--- DATA EXCERPT Enclosed Below ---
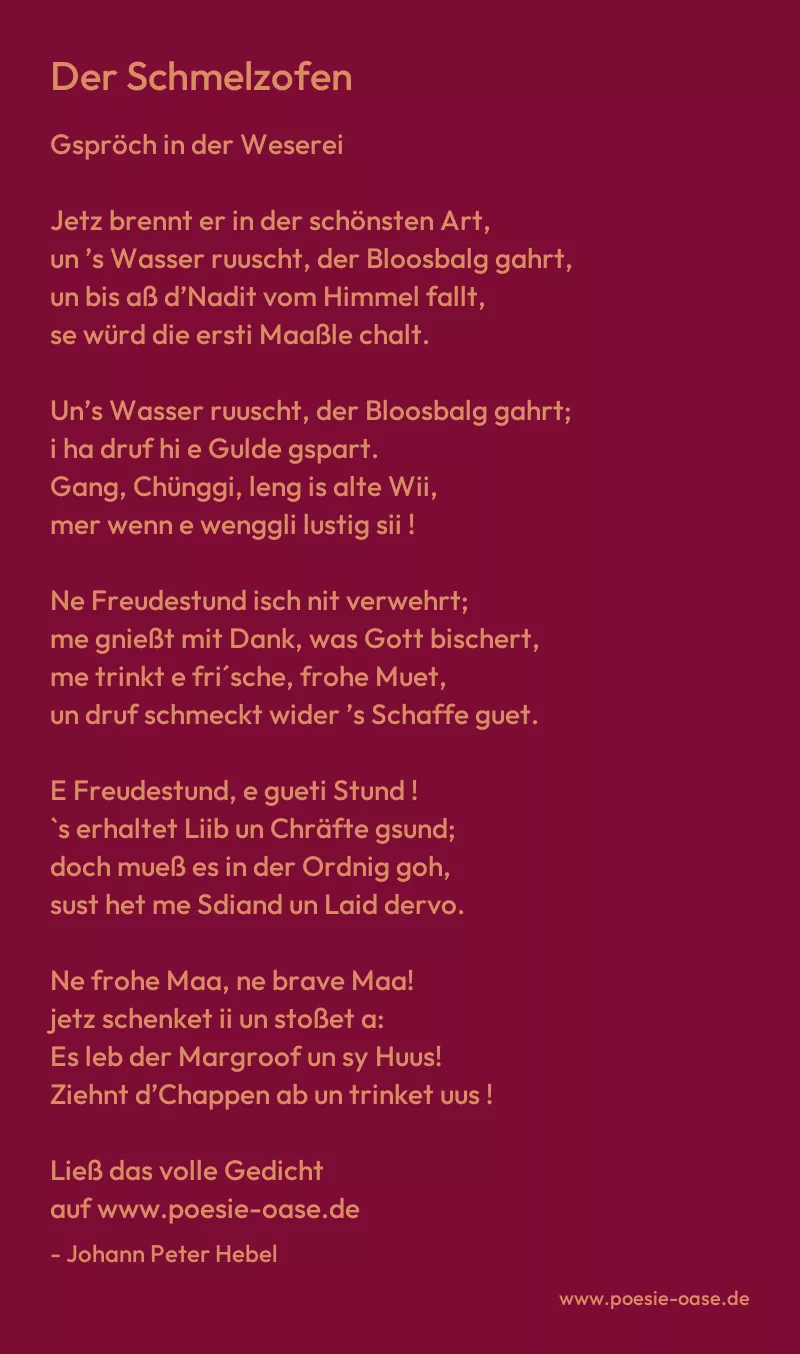Gedicht: Der Schmelzofen von Johann Peter Hebel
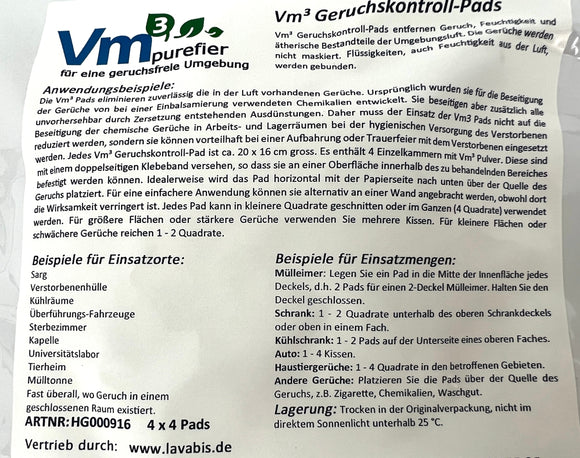 Vm3 Geruchskontroll Pads 16 Stück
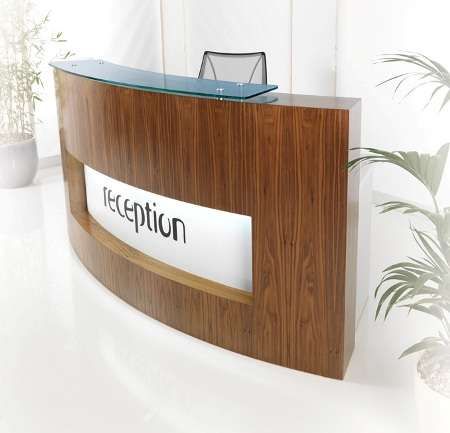 Walnut and Glass Xpression Reception Desk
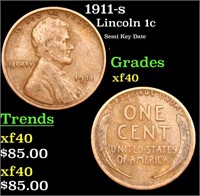 1911-s Lincoln Cent 1c Grades xf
--- End of Enclosed DATA EXCERPT ---
**BRIEF**
Write out the whole listing exactly as it appears, and omit the pictures.

**RESULT**
Gedicht: Der Schmelzofen von Johann Peter Hebel
 Vm3 Geruchskontroll Pads 16 Stück
 Walnut and Glass Xpression Reception Desk
 1911-s Lincoln Cent 1c Grades xf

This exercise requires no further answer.